**Problem description:** Exactly as written, please repeat the data that follows, but not the pictures.

**Records for processing:**
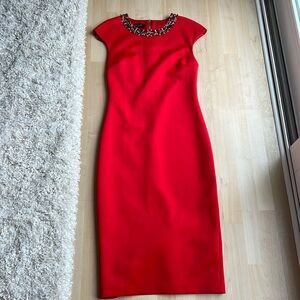 TED BAKER 'Cadyee' high neck bodycon midi dress
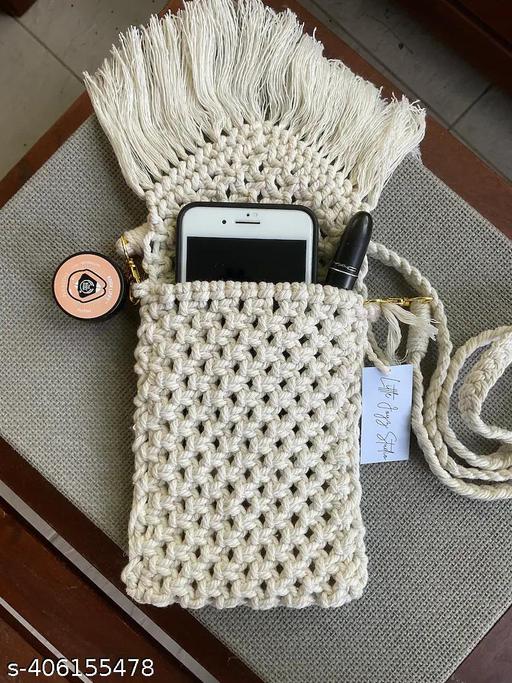 CRAFT PLUS | Handmade Macrame Mobile Sling bag for Women, Cross Body Bag for Woman, Sling Bag for Girls, Mobile Pouch For Women, Size 7*5 inches. - UniFinds 
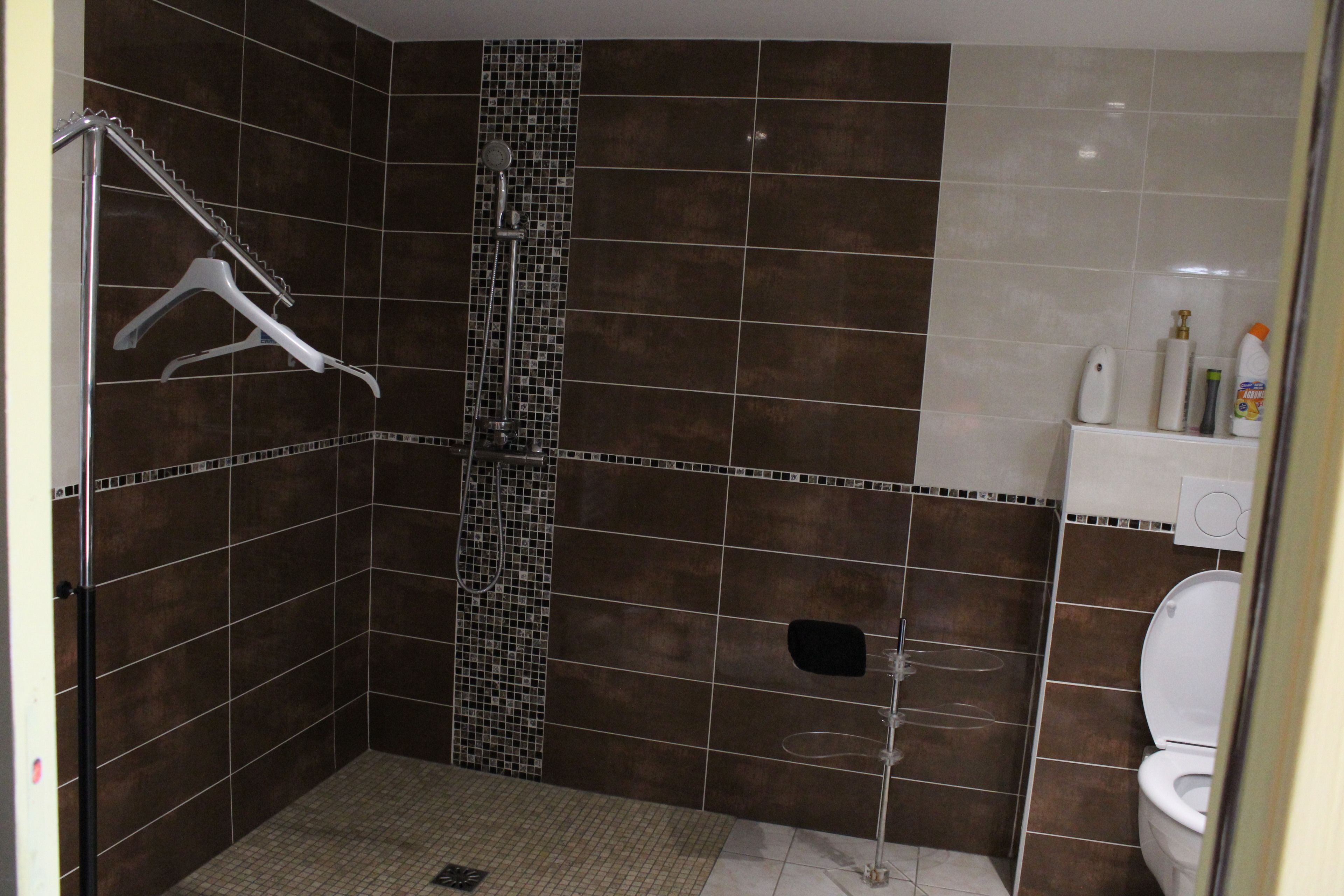 Ein Badezimmer mit Dusche, gefliesten Wänden, Toilette und Waschbecken.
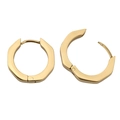 Detailed view of octagon gold hoop earrings showing open and closed clasp mechanism - Octagon Huggie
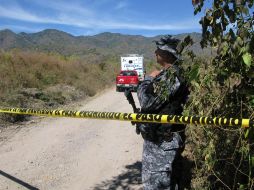 Aspecto del operativo de autoridades en Chapala para exhumar cuatro cuerpos en fosas clandestinas. M. PATIÑO  /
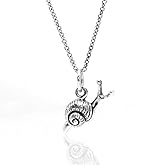 Sterling Silver Tiny Snail Charm Necklace, 18"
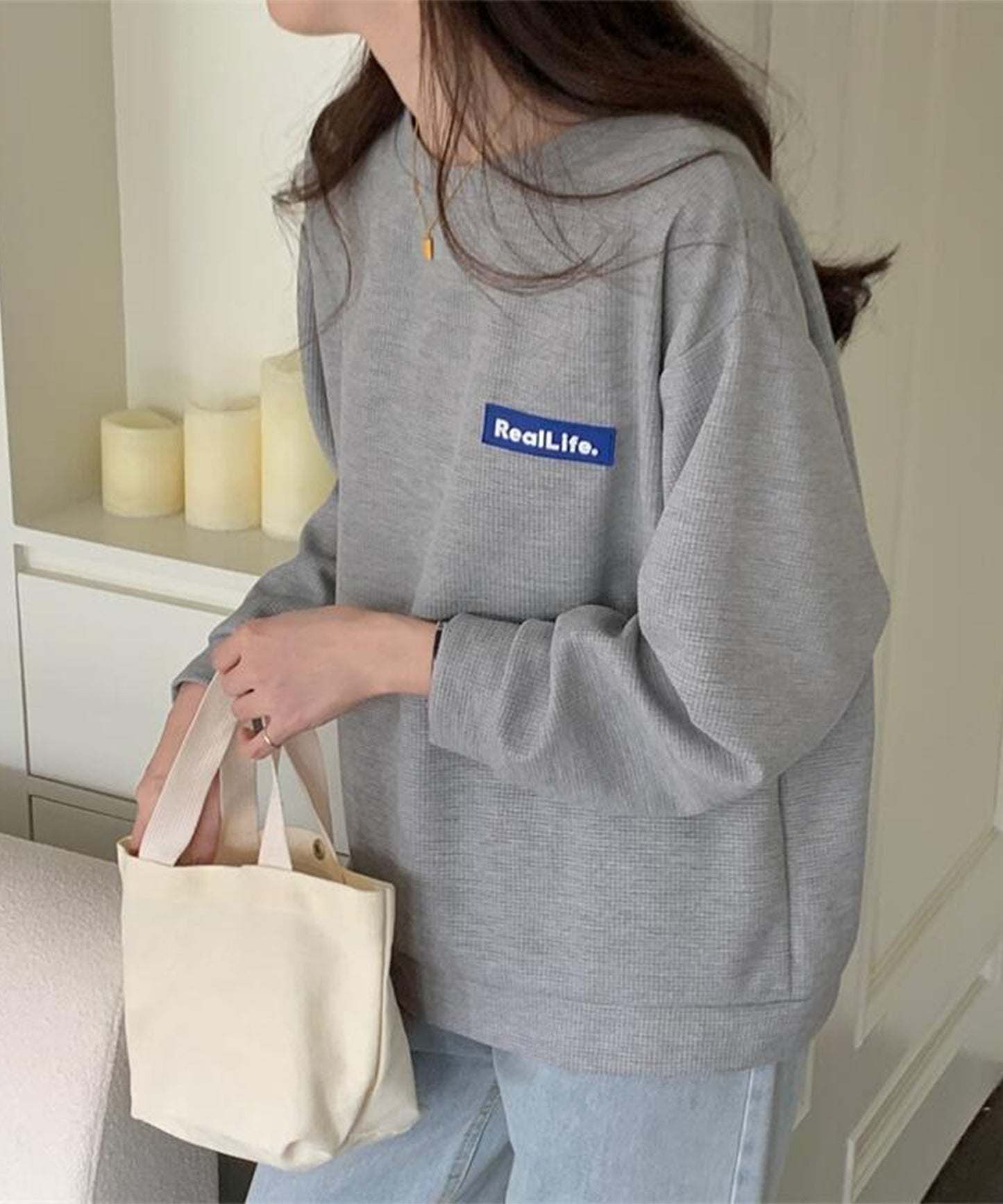 ワッフル素材 ワンポイント オーバーサイズ クルーネック プルオーバー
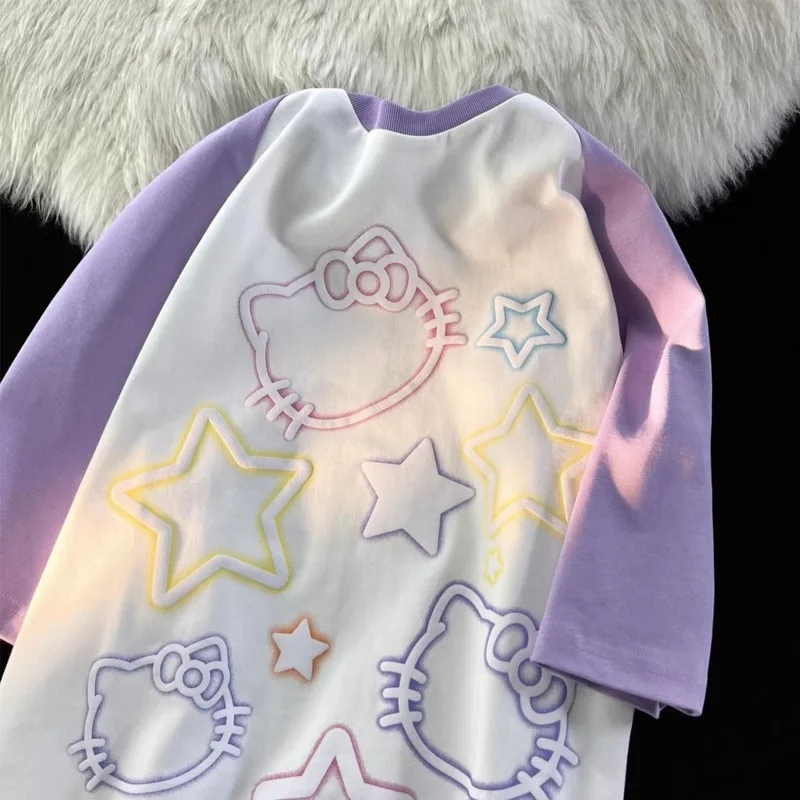 Sanrio Olá Kitty Oversized T-shirt Para As Mulheres Estrela Do Verão Y2k Menina Manga Curta O-pescoço Bonito Rosa Top Kawaii Tees Blusa Moda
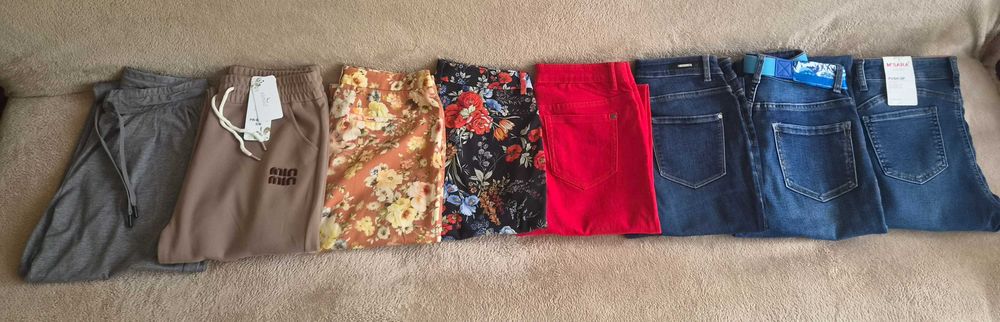 Spodnie damskie - 8 szt., rozm. 34-36 (XS-S), Nowe i db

**Answer space:**
 TED BAKER 'Cadyee' high neck bodycon midi dress
 CRAFT PLUS | Handmade Macrame Mobile Sling bag for Women, Cross Body Bag for Woman, Sling Bag for Girls, Mobile Pouch For Women, Size 7*5 inches. - UniFinds 
 Ein Badezimmer mit Dusche, gefliesten Wänden, Toilette und Waschbecken.
 Detailed view of octagon gold hoop earrings showing open and closed clasp mechanism - Octagon Huggie
 Aspecto del operativo de autoridades en Chapala para exhumar cuatro cuerpos en fosas clandestinas. M. PATIÑO  /
 Sterling Silver Tiny Snail Charm Necklace, 18"
 ワッフル素材 ワンポイント オーバーサイズ クルーネック プルオーバー
 Sanrio Olá Kitty Oversized T-shirt Para As Mulheres Estrela Do Verão Y2k Menina Manga Curta O-pescoço Bonito Rosa Top Kawaii Tees Blusa Moda
 Spodnie damskie - 8 szt., rozm. 34-36 (XS-S), Nowe i db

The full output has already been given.